Pues bien, que en el año en el que estamos –para los despistados, esto es, profesores de bibliografía, estamos en 2006- se edite un libro así clama al cielo. Lo lógico es crear un archivo digital, un catálogo con una base de datos, que se pueda consultar por Internet –y que se renueve periódicamente, claro- donde una persona interesada pueda ver actualizada los datos de estas autoras. Porque, además en el libro no hay nada más que meras fichas. No hay un análisis, una valoración, nada. El nombre, una somera biografía compuesta casi siempre los mismo, a saber: fecha de nacimiento, estudios, trabajo y poco más, salvo en el caso de las decimonónicas, de las que hay valoraciones –supongo que porque ha habido años para que algún profesor universitario un poco más serio se haya molestado en leer los textos, y no sólo copiar los nombres- y la bibliografía. Esto sí está bien, que no se crean que vamos a criticar todo, hombre –perdón: mujer-, que aquí sí ha habido trabajo. Lo que no se entiende es que se haga el trabajo de una manera tan despistada. Hagan una base de datos como dios manda, con entrada desde la web de la Complutense, mujer, que los bibliógrafos, filólogos y Berzosa se lo agradecerán.
Es una pena que lo más interesante del libro ocupe apenas poco más de quince páginas. Esta casi al final del volumen, y son las contestaciones que algunas de las autoras han dado a tres preguntas. Me parece lo más interesante porque ellas se ocupan de algo que no ha hecho la autora del libro, que es hablar un poco sobre el cuento y si hay cuento masculino o no.

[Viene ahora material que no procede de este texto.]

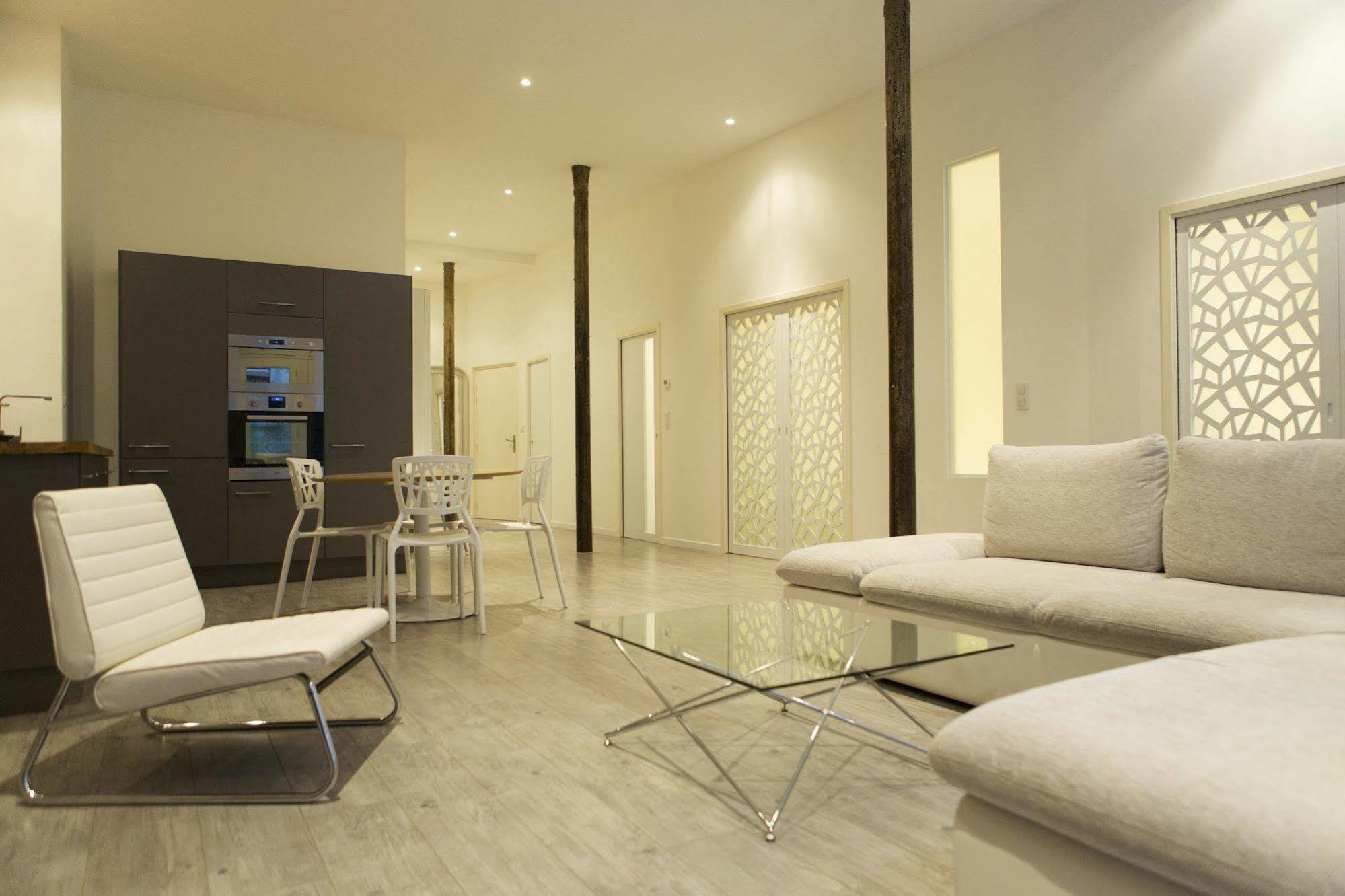 Ausone Beautiful Loft Apartment In Historical Center + Terrace And Parking Bordeaux Exterior foto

Que lo hagan con mayor o menor tino sería otro asunto, pero no deja de ser un poco triste que en el índice no tan siquiera haya referencias a quiénes son las que han contestado a las preguntas, que, por cierto, sólo son doce.
En fin, es una alegría saber que la sociedad sigue admitiendo en su interior a idealistas como la autora de este libro: Isabel Díaz Ménguez, y que haya editores suicidas –deben ser del tipo de editores que no leen libros, como Jaime Salinas o Eianudi- como La Librería para meterse en estos jardines.